難聴に悩む人の孤独を減らすメタバース空間「手話の壁」も越えて広がる交流 「みみトモ。ランド」20代と70代が仲間に!?
インターネット上の仮想空間「メタバース」。自分の分身である「アバター」を操作してさまざまな体験や交流ができる。聞いたことはあっても日常生活に取り入れている人はゲームの利用者など一握りに過ぎないのではないだろうか。 【写真】「えっ、そんなことまで言っていたの?」聴覚障害者が初めて知った駅のホームにあふれる音たち マイクで集めた音をAIで視覚化、その名も「エキマトペ」 22年
そんなメタバースの一角に、難聴を抱える人や支援者らが毎晩のように集い、交流を深めている。聴覚障害者コミュニティー「みみトモ。ランド」は、およそ1年前の公開からのアクセス数は3万回以上。運営しているのは両耳が聞こえづらい高野恵利那さん(27)だ。看護師をしながら特定非営利活動法人(NPO法人)の代表理事を務める。「難聴に悩む人たちの孤独感を減らしたかった」。いじめられ、愛想笑いをしていた日々―。自身の学生時代のつらい経験が新しい〝つながり〟を生んだ。(共同通信=村川実由紀) ※筆者が音声でも解説しています。「共同通信Podcast」でお聴きください。 ▽聞こえたふりをして愛想笑い 高野さんは山梨県で育った。5歳ぐらいのときに中耳炎にかかり、両耳が中等度の難聴になった。全く聞こえなかったわけではなかったこともあり、小中高は特別な指導は受けず、通常の学級で過ごした。 状況にもよるが、例えば1対1の大きな声の会話の内容は分かっても、4人以上になると会話が聞き取りづらくなる。聞こえたふりをして愛想笑いしてしまい、コミュニケーションがうまくいかない。すぐに謝ってしまい、いじめられたこともあった。
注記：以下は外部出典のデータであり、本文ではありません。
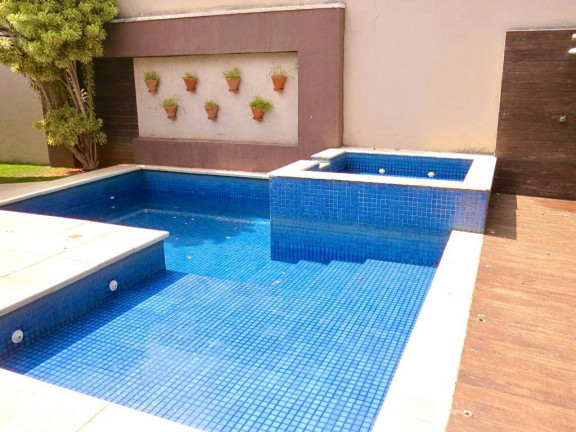 Imagem Casa com 3 Quartos à Venda, 800 m² em Usina - Atibaia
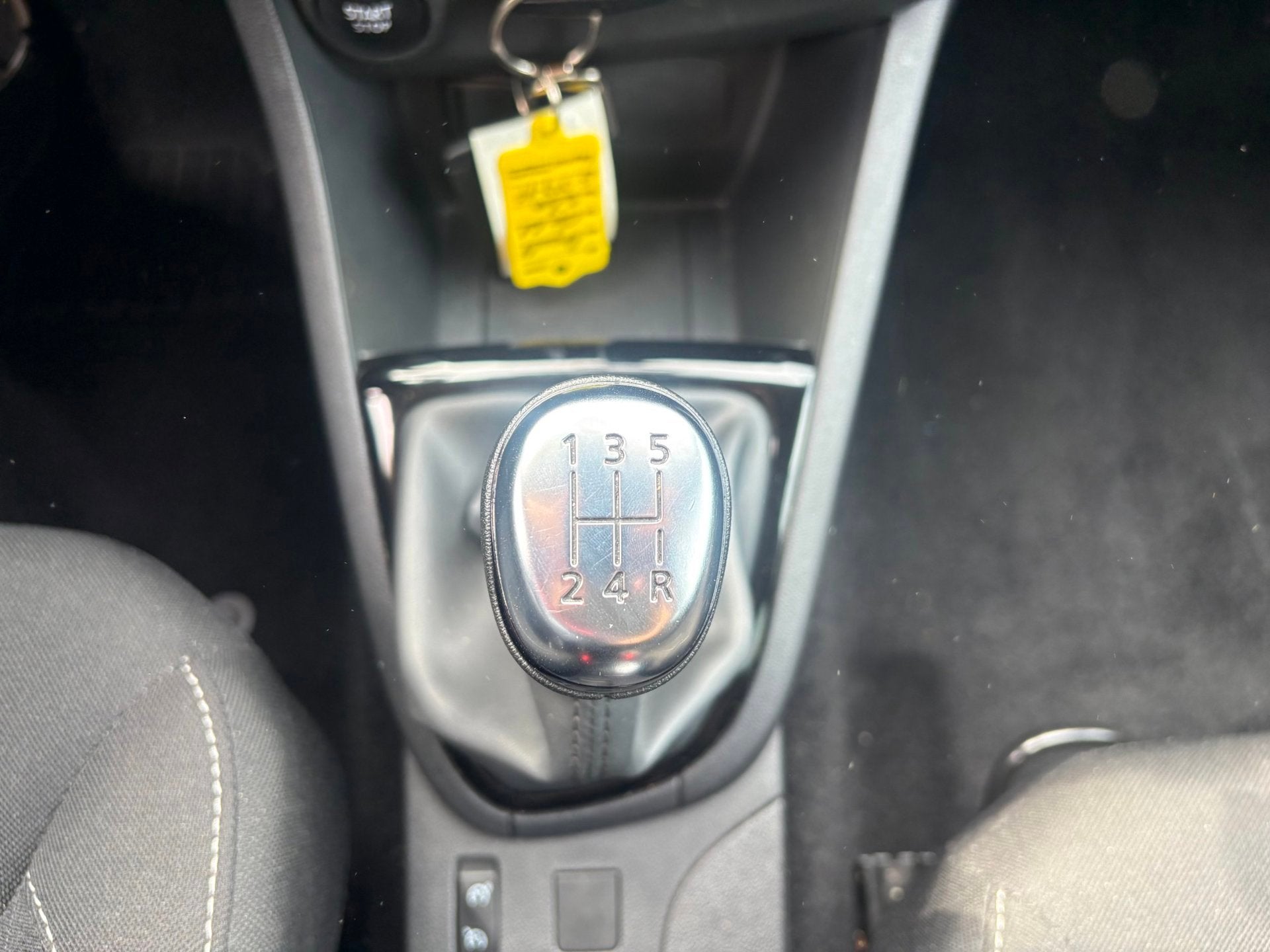 Foto 17 van Renault Clio Estate 1.2 16V *AC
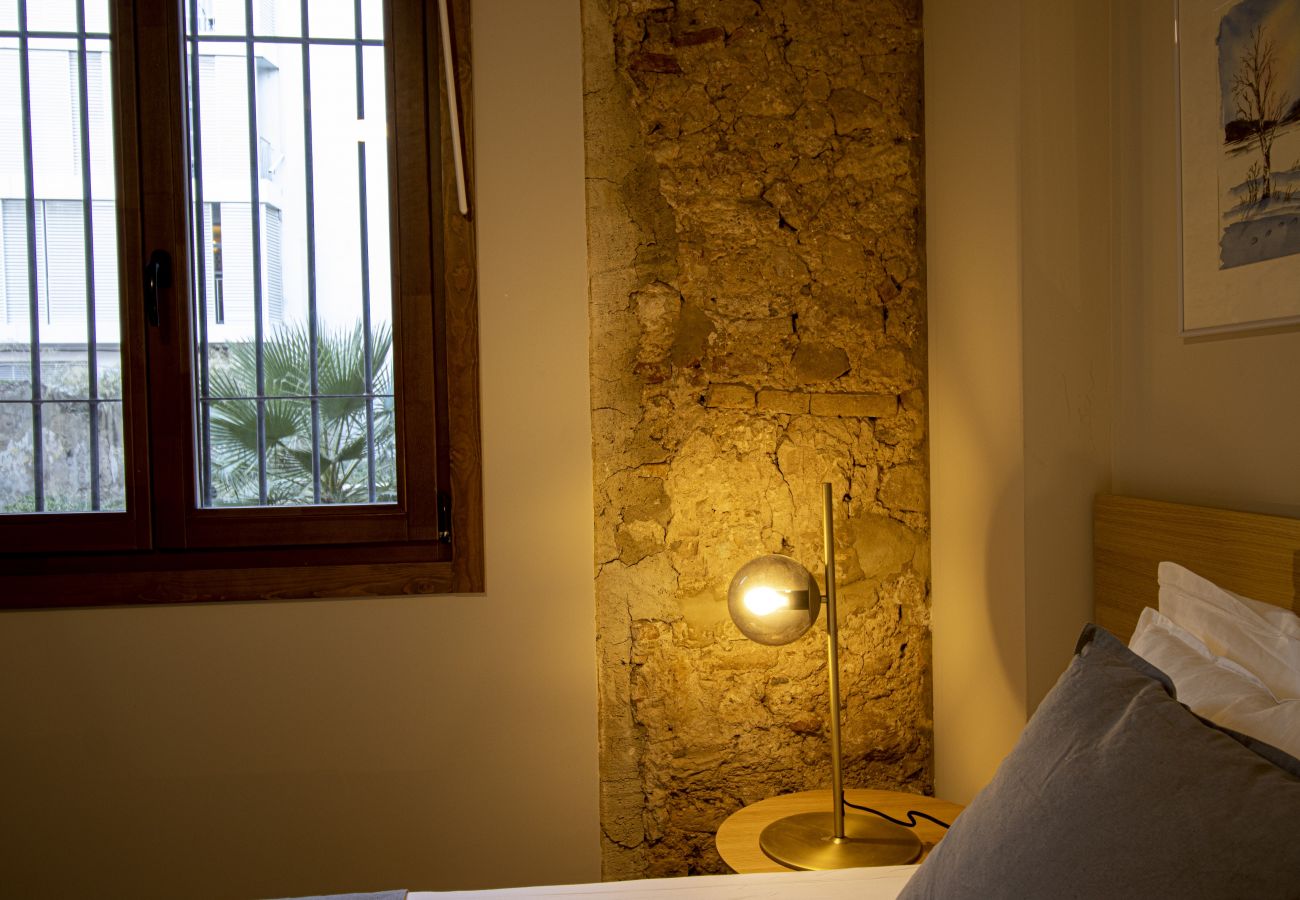 Ferienwohnung in Valencia - Santa Cruz 9 II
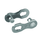 Sram SRAM PowerLock maillons pour chaîne 10 vitesses (paire)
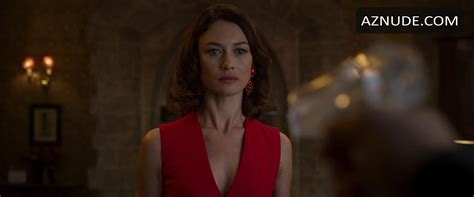 Johnny English Strikes Again Nude Scenes Aznude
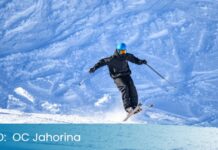 Skijaši okupirali domaće planine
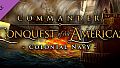 Commander: Conquest of the Americas - Colonial Navy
「私は普通ではないから仲間ができないんだ」と孤独感が強まり、自分のことをなかなか好きになれなかった。
▽孤独を解消できる居場所 周囲に自身の難聴のことを知ってもらえるよう丁寧に説明したことが影響したのか、後に友人ができた。 そんな経験からかつての自分のように障害を抱えた人や孤独を抱えた人に寄り添える仕事はないだろうかと模索し、看護師になる道を選んだ。夜勤をこなし、忙しい日々を過ごす中、仕事だけでは交流できる人の範囲に限界があることが気になった。 インターネット上に家や学校、職場とは異なる居場所「サードプレイス」を作れば、たくさんの難聴当事者の孤独を解消できるのではないか。そう考えて行き着いたのがメタバースだ。交流サイト(SNS)のX(旧ツイッター)ほど不特定多数を対象としないが、匿名性が高く、交流に適している。「参加者とリアルに近い感覚でやりとりができるのが魅力」という。 ▽「自分らしく過ごす」 メタバース空間では、半屋内の集会所のような場所の中で、自由にアバターを動かしたり、壁に貼ってある関係団体のイベントのポスターをクリックして閲覧したりできる。メタバース専用のゴーグルを使わなくても、スマホやタブレット、パソコンなどから、無料で利用できる。 ニックネーム、アバターを介し、チャット機能を使って文字で会話するので、ウェブ会議のようにカメラを気にする必要もない。24時間利用可能だが、「お風呂上がりに集まる人が多く、共通の話題で盛り上がれる」という。チャットの記録が閲覧できるため、後からメタバース空間に入ってきても会話に加わりやすい。